**Problem description**
Omit all pictures and transcribe only the lines in the entries below that run from the line with "We attempted to" through the line with "Hello everyone. In".

**Provided information**
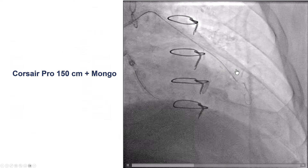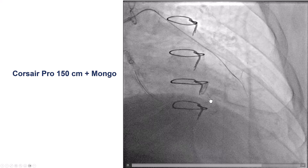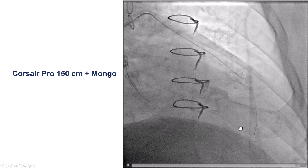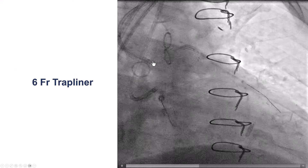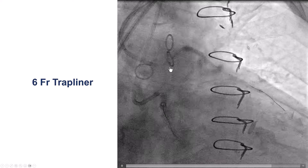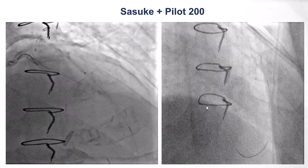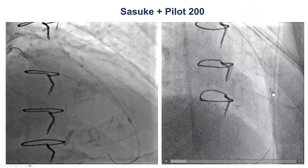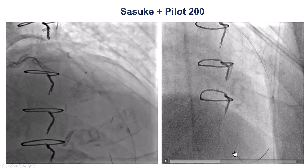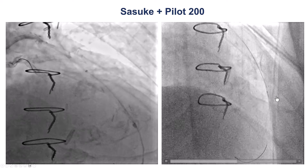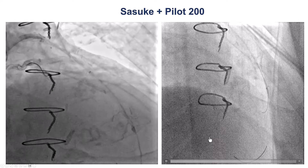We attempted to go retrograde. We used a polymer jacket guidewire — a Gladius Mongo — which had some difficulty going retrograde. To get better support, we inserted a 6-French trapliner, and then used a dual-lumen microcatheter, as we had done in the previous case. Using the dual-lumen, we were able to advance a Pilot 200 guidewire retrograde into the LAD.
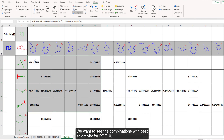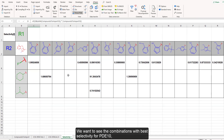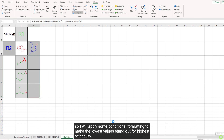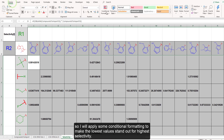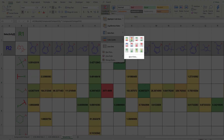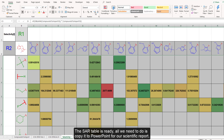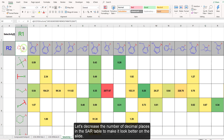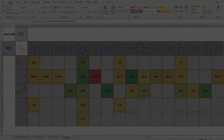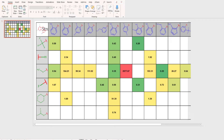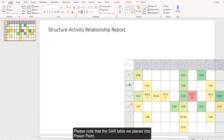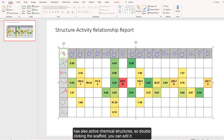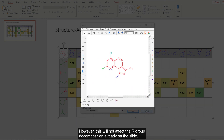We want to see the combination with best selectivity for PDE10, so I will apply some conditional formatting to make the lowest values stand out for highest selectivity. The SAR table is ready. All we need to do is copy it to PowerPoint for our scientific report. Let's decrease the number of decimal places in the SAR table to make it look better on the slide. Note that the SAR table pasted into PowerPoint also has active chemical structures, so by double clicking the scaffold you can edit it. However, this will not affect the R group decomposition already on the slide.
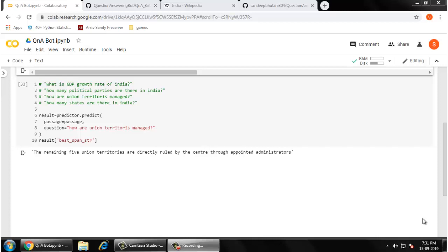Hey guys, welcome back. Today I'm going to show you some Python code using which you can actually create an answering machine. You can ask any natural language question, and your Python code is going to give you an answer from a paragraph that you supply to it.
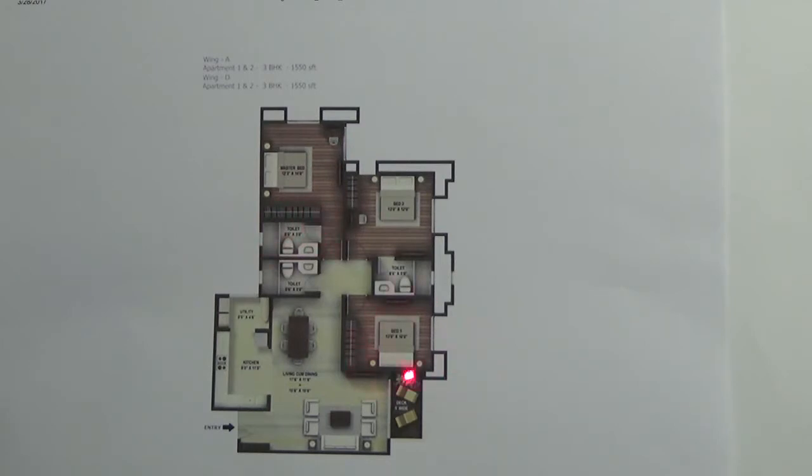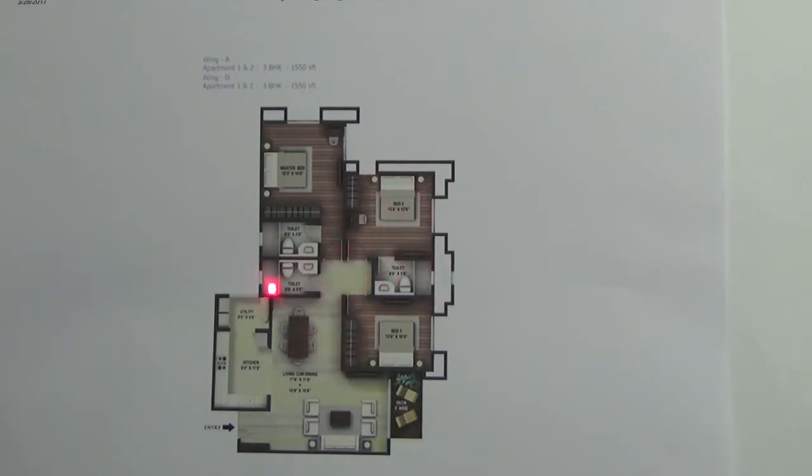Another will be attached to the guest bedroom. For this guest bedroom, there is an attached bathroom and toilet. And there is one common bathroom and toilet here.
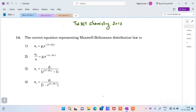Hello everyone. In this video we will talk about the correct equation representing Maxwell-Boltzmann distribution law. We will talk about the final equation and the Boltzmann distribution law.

---

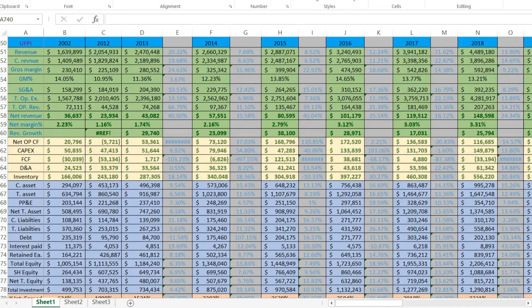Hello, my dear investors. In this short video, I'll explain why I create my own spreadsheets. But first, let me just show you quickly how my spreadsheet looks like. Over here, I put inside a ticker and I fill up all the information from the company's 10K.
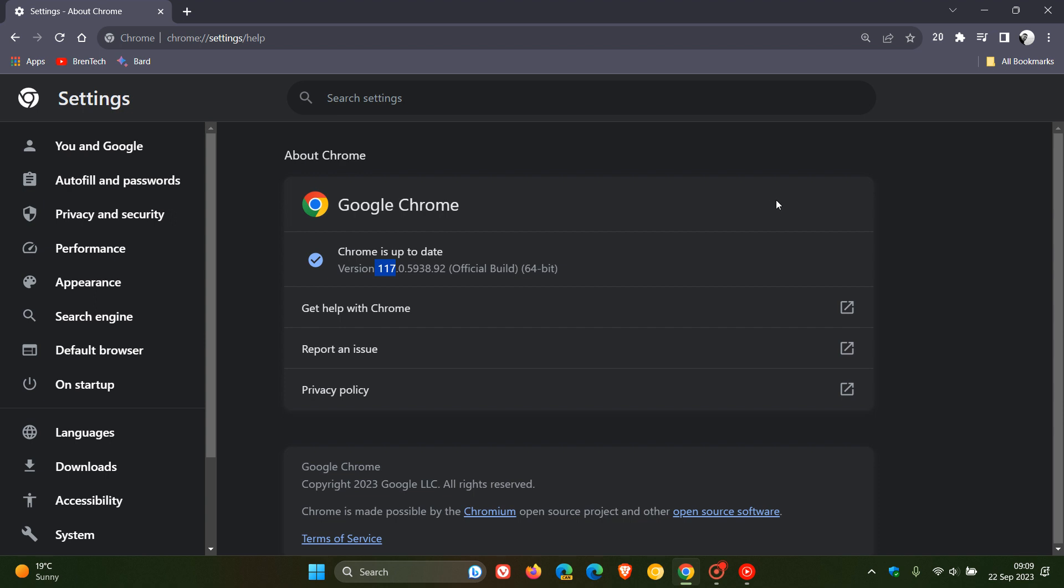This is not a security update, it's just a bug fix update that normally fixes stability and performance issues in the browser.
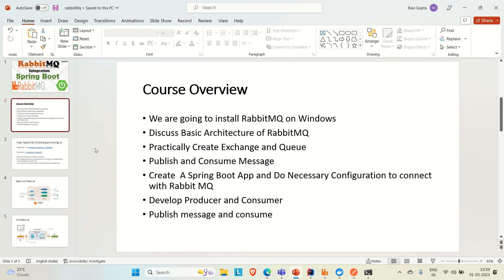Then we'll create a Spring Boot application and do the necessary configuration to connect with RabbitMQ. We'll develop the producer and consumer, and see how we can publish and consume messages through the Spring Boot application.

**Answer area**
We attempted to go retrograde. We used a polymer jacket guidewire — a Gladius Mongo — which had some difficulty going retrograde. To get better support, we inserted a 6-French trapliner, and then used a dual-lumen microcatheter, as we had done in the previous case. Using the dual-lumen, we were able to advance a Pilot 200 guidewire retrograde into the LAD.
We want to see the combination with best selectivity for PDE10, so I will apply some conditional formatting to make the lowest values stand out for highest selectivity. The SAR table is ready. All we need to do is copy it to PowerPoint for our scientific report. Let's decrease the number of decimal places in the SAR table to make it look better on the slide. Note that the SAR table pasted into PowerPoint also has active chemical structures, so by double clicking the scaffold you can edit it. However, this will not affect the R group decomposition already on the slide.
Hey guys, welcome back. Today I'm going to show you some Python code using which you can actually create an answering machine. You can ask any natural language question, and your Python code is going to give you an answer from a paragraph that you supply to it.
Another will be attached to the guest bedroom. For this guest bedroom, there is an attached bathroom and toilet. And there is one common bathroom and toilet here.
Hello everyone. In this video we will talk about the correct equation representing Maxwell-Boltzmann distribution law. We will talk about the final equation and the Boltzmann distribution law.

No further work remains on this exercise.